On 15 April 2015 the European Commission (EC) has published the report on ‘Shifting Private Finance towards Climate Friendly Investments – Policy options for mobilising institutional investors’ capital for climate-friendly investment’. Both the authors (Trinomics, Climate Bonds Initiative, 2° Investing Initiative, Frankfurt School UNEP Collaborating Centre for Climate & Sustainable Energy Finance, CDC Climat, Climatekos, CDP, Climate Policy Initiative, Get2C) and the EC recognise the significant role of institutional investors to contribute to financing the transition to a low-carbon economy. The report provides the EC with an actionable toolbox to steer private finance towards climate-friendly investments, defined as those aligned with the EU’s transition to a low-carbon and climate resilient economy that limits global warming to 2°C.
The estimated share of climate-friendly assets in the portfolios of EU institutional investors is between 1-2%. A lack of common definitions for climate-friendly assets and data makes it difficult to estimate and track climate-friendly assets. Clearly however, the order of magnitude is too low compared to investment needs. In the EU alone, the annual climate investment needs to 2020 are an estimated EUR200bn, significantly more than present levels. Untapped potential from institutional
investors can contribute to closing this gap.
Policies to directly increase return on investment, such as feed-in-tariffs and a carbon price, are the main driver of climate friendly investment, but policy actions in the financial sector can be complementary. Two categories of barriers to investment were identified: (1) Barriers that are external to institutional investors’ decision-making framework, e.g. availability and volume of climaterelated investment options, less favorable risk/return profile, high transaction costs; (2) Barriers arising from institutional investors’ decision-making framework, e.g. mismatching time horizon of decision-making, lack of integration of climate in fiduciary duty and engagement practices, lack of relevant climate-related risk and performance methodologies.

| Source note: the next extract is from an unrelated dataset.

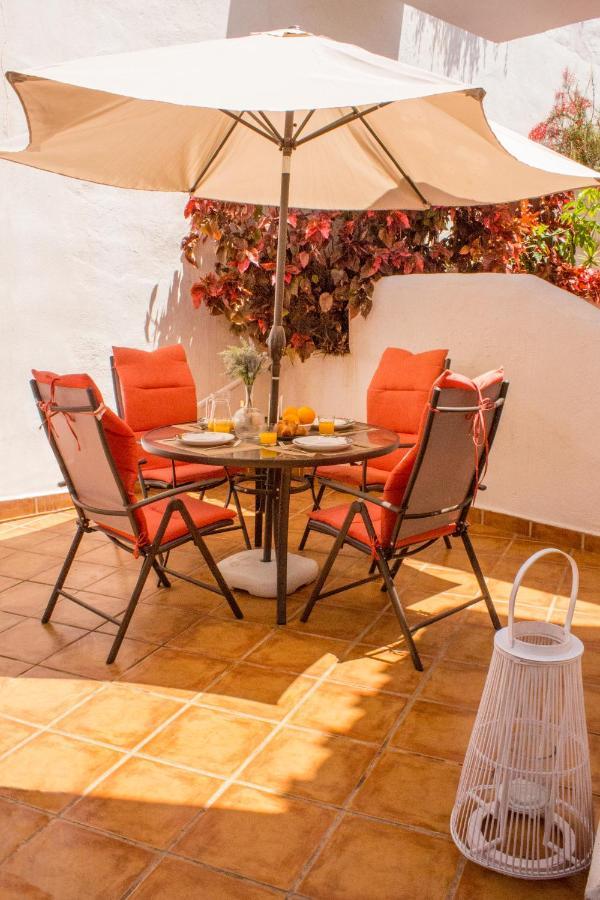 Lejlighed Benalgolf Lovely In With Sea Views, Excellent Wifi Connection, Private Backyard With Bbq
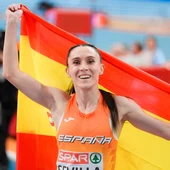 Paula Sevilla con la bandera de España tras ser medalla de bronce Paula Sevilla con la bandera de España tras ser medalla de bronce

There is a role for policymakers to speed up market enablers. The report’s recommendations for the shorter term include actions for the European Commission to improve the risk-return profile of climate friendly assets through credit enhancement initiatives and supporting green securitisation, actions for increasing the volume and acceptance of climate-friendly financial products like green bonds, action to explore the potential of introducing a policy risk insurance and actions for standardising accounting and disclosure on climate related issues for companies and financial institutions. Recommendations for the medium to longer term target investors’ decision-making framework, for example: actions to lengthen the time horizons of institutional investors, actions exploring the use of tax incentives for climate-friendly financial products, and including climate performance metrics and carbon risk assessment in the IORP II Directive.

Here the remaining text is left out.